Father bars girlfriend’s adult son after sexual advance on 16-year-old daughter
Dear Pastor,
I share a home with a woman who is older than I am. My 16-year-old daughter lives there as well. My partner has a son in his twenties. He does not reside with us, though he sometimes stays overnight. I have not minded those visits because the dwelling has three bedrooms.
The property is my parents’ house. They are overseas, so I treat it as mine. My father has said my mother has no wish to return to Jamaica, while he prefers Jamaica to America. He does not want my mother to die before him, yet if that happens he plans to come back. In the meantime he expects me to look after the place.

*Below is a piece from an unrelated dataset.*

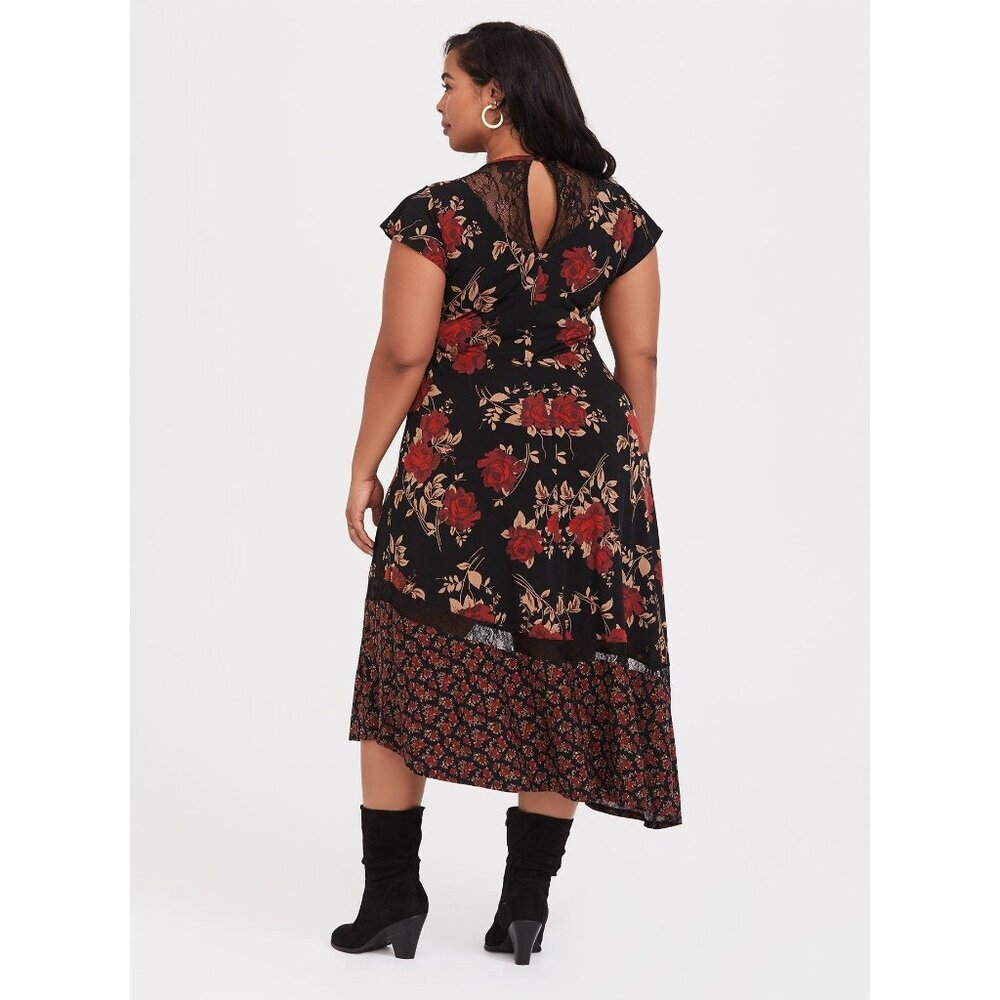 Torrid Midi Studio Knit Asymmetrical Black Flowers Dress Plus Size 1 (1X) - Picture 3 of 8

My partner’s son asked my daughter for sex and she refused. He then tried to pay her. She answered that the only man from whom she has ever accepted money is her father. She reported this to me. I confronted him and he claimed it was a joke. I warned him never to make that kind of joke with my daughter.
When I raised it with his mother, she also called it a joke and said I should not treat it as a serious matter. I told her I do not want him in the house to have sex with my daughter and asked her to instruct him not to return. She grew furious, verbally abused me, and said I should expect anything to happen to my daughter because she cannot keep her legs closed every day. She added that some man, whether I approve or not, will open my daughter’s legs. I was shocked she would speak that way simply because my daughter refused her son.

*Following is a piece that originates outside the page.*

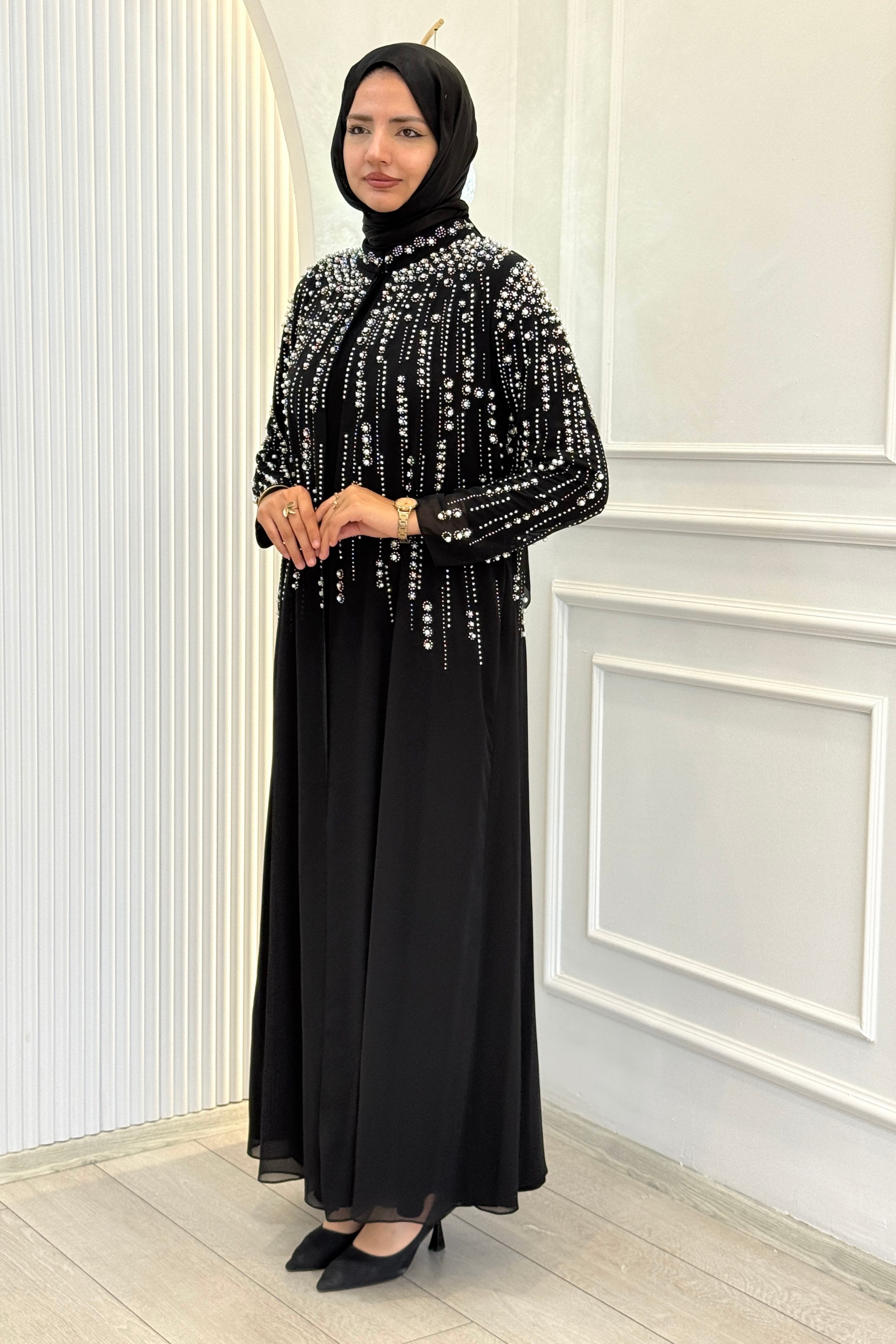 Büyük Beden Kristal Taş İşlemeli Abaya Takım Siyah OTW703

Pastor, my daughter is making a genuine effort. I also have a son, but I do not know his whereabouts and he does not reach out. My daughter is the child I can truly claim, and I must shield her. After I asked that her son stay away, my partner turned abusive. I have told my daughter to keep showing respect, yet when she greets my lady, the woman barely replies.
Was I wrong to insist that her son not come back to the house?
S
Dear S.,
You were not wrong to ask his mother to keep him away from the house unless both of you are there. You are entitled to protect your daughter.
Your partner’s conduct points to poor character. She had no need to say that a man will one day open your daughter’s legs. Some remarks should never be made. If any man ever leads your daughter into that situation, it must not be her son. You are already involved with his mother, so there is no reason for him to pursue your daughter.